I was taught to check *anything* that produced a return code. In I
think all perl programs I have ever seen I see opens followed by "or
die ....."

But how does one check the <> operator? I suppose one could code

my @a = <$somehandle> or die .........
and
my $a = <$somehandle> or die ...........

but what about

while ( <$somehandle> )
?

TIA
 
D

Dave Saville

Thanks Tad
A rather obvious exception is the return value from print().

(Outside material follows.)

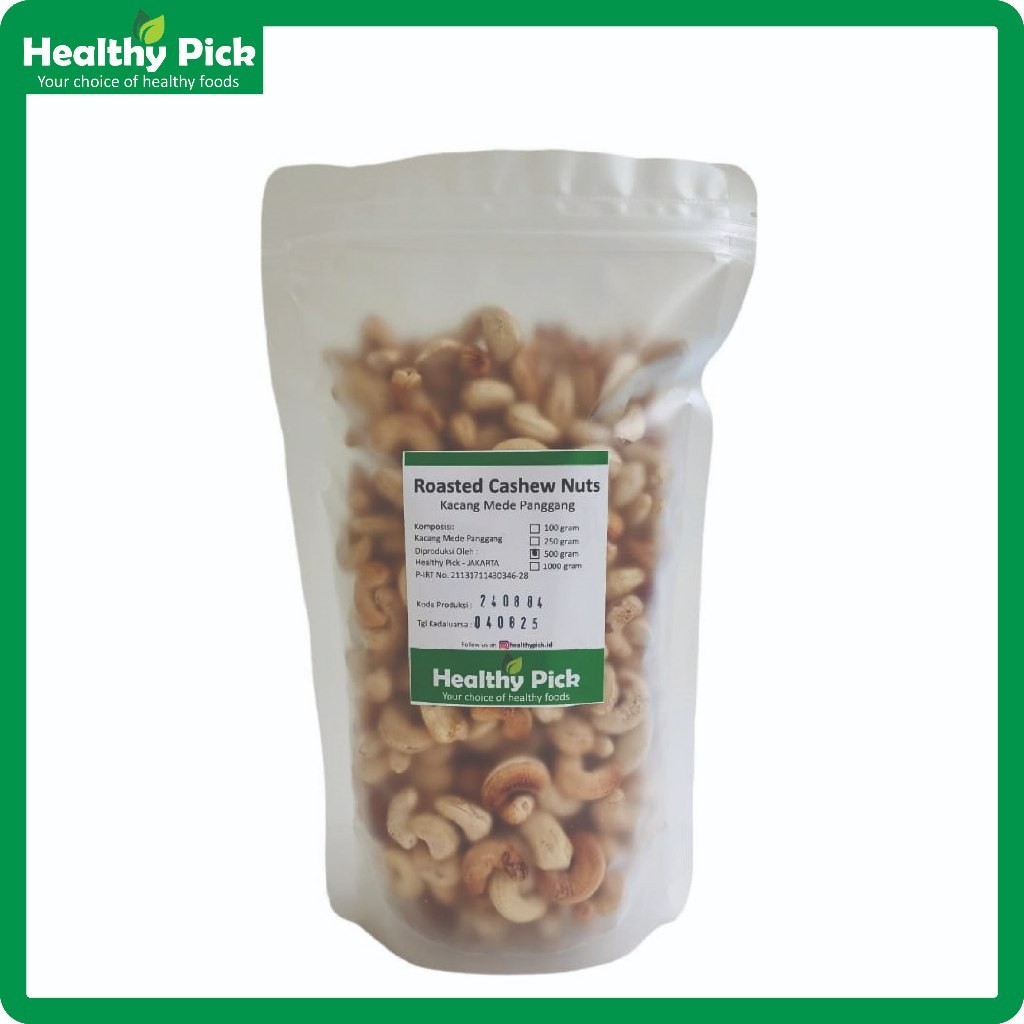 

Roasted Cashew Nuts (Kacang Mede Panggang) 250gr - Healthy Pick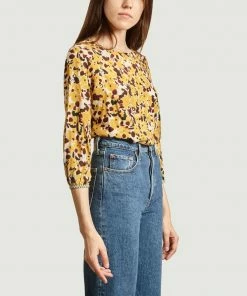 Bellerose yellow/red So Long Flower Print Blouse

Once you have a properly opened filehandle, about the only thing
that can go wrong is "file system full", and if that happens, you
won't need your little Perl program to tell you that something is
wrong, because the whole 'puter will stop working. :)




Unless

use autodie;




Once you know that the named version of the <> operator is readline(),
then you can just read its docs for that :)

I do now :)
perldoc -f readline


If readline encounters an operating system error, C<$!> will be set
with the
corresponding error message. It can be helpful to check C<$!> when
you are
reading from filehandles you don't trust, such as a tty or a socket.

Yes, it was sockets that brought the whole thing up.

Thanks again.
 
P

Peter Makholm

Tad McClellan said:
A rather obvious exception is the return value from print().

Once you have a properly opened filehandle, about the only thing
that can go wrong is "file system full", and if that happens, you
won't need your little Perl program to tell you that something is
wrong, because the whole 'puter will stop working. :)

Except for filehandles you don't, such as a pipe or a socket.

Also the whole 'puter will not stop working just because you have filled
one of multiple filesystems. I have written a few batch processing
systems with seperate scratch space filesystems just for data.